When the plain-text part of the message is finished, it is then repeated in HTML:

    --=_alternative 00750F0485256E1C_=
    Content-Type: text/html; charset="US-ASCII"
    <br><font size=2 face="Tahoma">Hi;</font>
    <p><font size=2 face="Tahoma">I am trying to implement a scrolling text
    widget to capture output for for at tk app. Without scrolling:</font>
    <p><font size=2 face="Bitstream Vera Sans Mono">my $text = $mw-&gt;Text(-width
    =&gt; 78,</font>
    <br><font size=2 face="Bitstream Vera Sans Mono">&nbsp; &nbsp; &nbsp; &nbsp;
    -height =&gt; 32,</font>
    <br><font size=2 face="Bitstream Vera Sans Mono">&nbsp; &nbsp; &nbsp; &nbsp;
    -wrap =&gt; 'word',</font>
    <br><font size=2 face="Bitstream Vera Sans Mono">&nbsp; &nbsp; &nbsp; &nbsp;
    -font =&gt; ['Courier New','11']</font>
    <br><font size=2 face="Bitstream Vera Sans Mono">)-&gt;pack(-side =&gt;
    'bottom',</font>
    <br><font size=2 face="Bitstream Vera Sans Mono">&nbsp; &nbsp; &nbsp; &nbsp;
    -expand =&gt; 1,</font>
    <br><font size=2 face="Bitstream Vera Sans Mono">&nbsp; &nbsp; &nbsp; &nbsp;
    -fill =&gt; 'both',</font>

There is no reason to retain this bloat in your thread file. The digest providers should have stripped it out, but the program they were using failed to do so. Other digests, such as those at Yahoo! Groups, eliminate all this blather.

Now, with Mail::Digest::Tools, you can eliminate much of the bloat yourself. After examining 6-10 instances of a particular mailing list digest, you should be able to determine whether the digest needs a dose of digital castor oil or not, and you set key MIME_cleanup_flag accordingly. If the digest contains unnecessary multipart MIME content, you set this flag to 1; otherwise, to 0.

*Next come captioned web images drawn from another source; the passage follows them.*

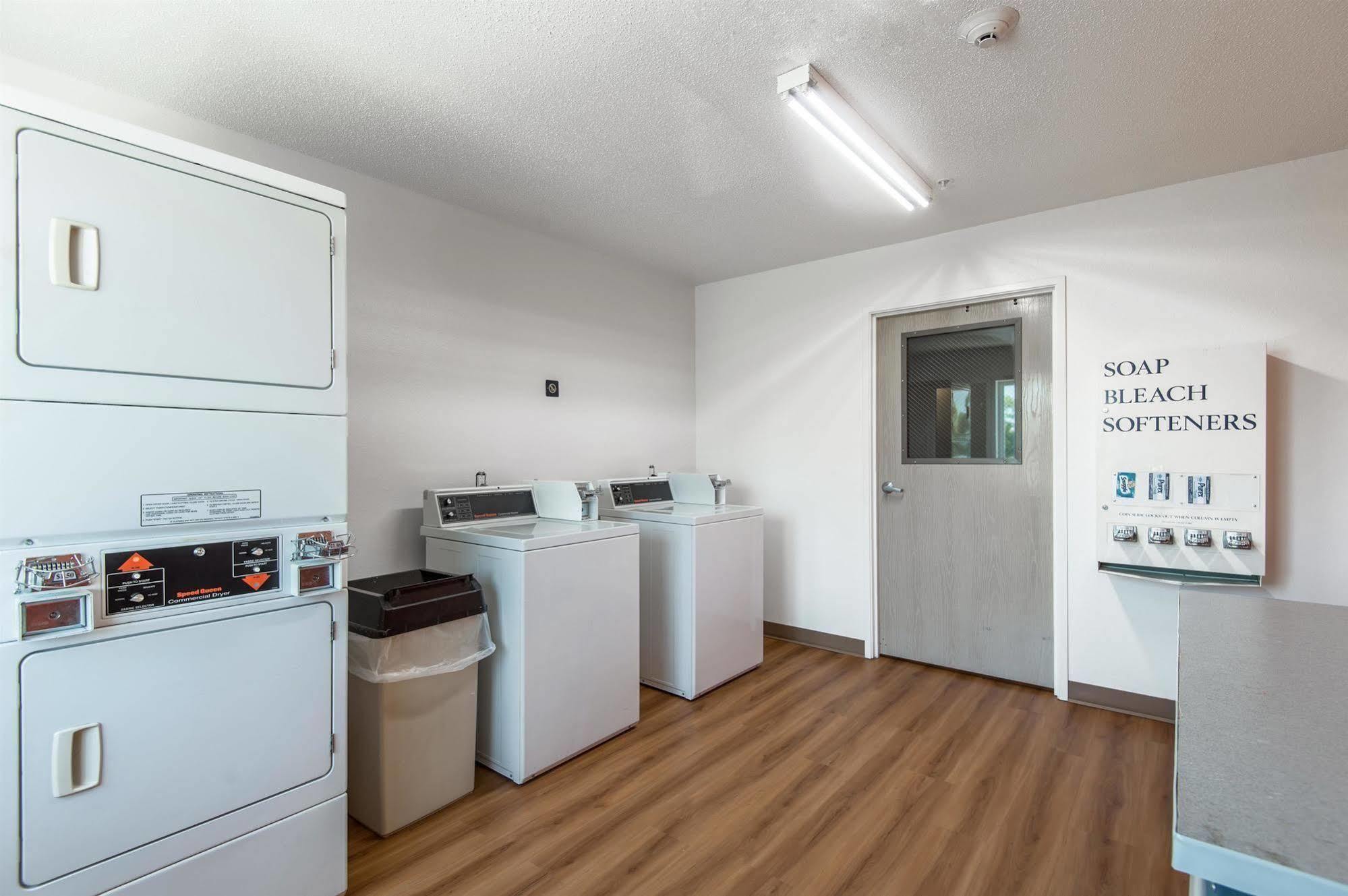 Motel 6-Junction City, Ks Bagian luar foto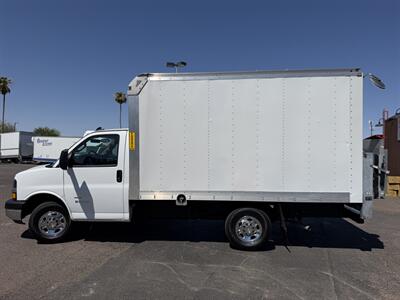 2025 Chevrolet Express 3500 Box Truck - Photo 6 - Phoenix, AZ 85034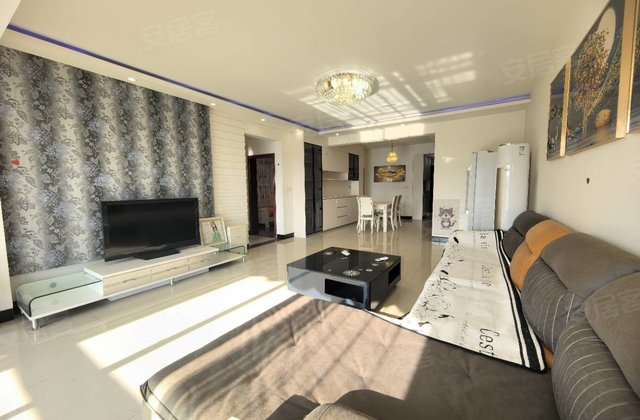 沱江景秀公寓3室2厅134㎡43.8万二手房图片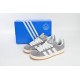 Adidas Superstar Sneakers Grey White Pale For Women And Men Shoes HQ8707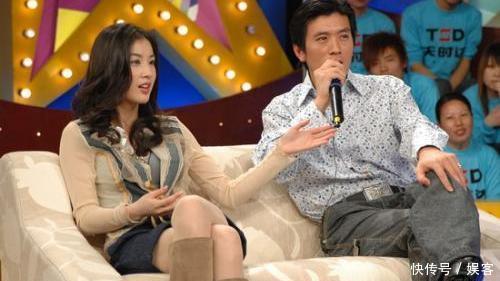  杨子|2001年的黄圣依，又如何能叫大8岁的杨子不心动，简直美若仙女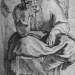 The Prophet Jeremiah, after Michelangelo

And with that you have completed your analysis of the internal structure of a given digest and entered the relevant information into the first configuration hash:

    %pw32u_config_in = (
        grep_formula            => 'Perl-Win32-Users digest',
        pattern_target          => '.*Vol\s(\d+),\sIssue\s(\d+)\.txt',
        topics_intro            => 'Today\'s Topics:',
        source_msg_delimiter    => "--__--__--\n\n",
        message_style_flag      => '^Message:\s+(\d+)$',
        from_style_flag         => '^From:\s+(.+)$',
        org_style_flag          => '^Organization:\s+(.+)$',
        to_style_flag           => '^To:\s+(.+)$',
        cc_style_flag           => '^CC:\s+(.+)$',
        subject_style_flag      => '^Subject:\s+(.+)$',
        date_style_flag         => '^Date:\s+(.+)$',
        reply_to_style_flag     => '^Reply-To:\s+(.+)$',
        MIME_cleanup_flag       => 1,
    );

    %pbml_config_in = (
        grep_formula            => '\[PBML\]',
        pattern_target          => '.*\s(\d+)\.txt$',
        topics_intro            => 'Topics in this digest:',
        source_msg_delimiter    => "________________________________________________________________________\n________________________________________________________________________\n\n",
        message_style_flag      => '^Message:\s+(\d+)$',
        from_style_flag         => '^\s+From:\s+(.+)$',
        subject_style_flag      => '^Subject:\s+(.+)$',
        date_style_flag         => '^\s+Date:\s+(.+)$',
        MIME_cleanup_flag       => 0,
    );

%config_out: HOW TO PROCESS A DIGEST ON YOUR SYSTEM ^

%config_in holds the answers to the question: What internal structure has the mailing list sponsor provided for a given digest? In contrast, %config_out will hold the answer to this question: How do I want to structure the results of applying Mail::Digest::Tools to a particular digest on my system?

For purpose of illustration, we will continue to assume that we are processing digest files received from the Perl-Win32-Users and Perl Beginner lists. We will make slightly different choices as to how we process those digest files so as to illustrate different options available from Mail::Digest::Tools.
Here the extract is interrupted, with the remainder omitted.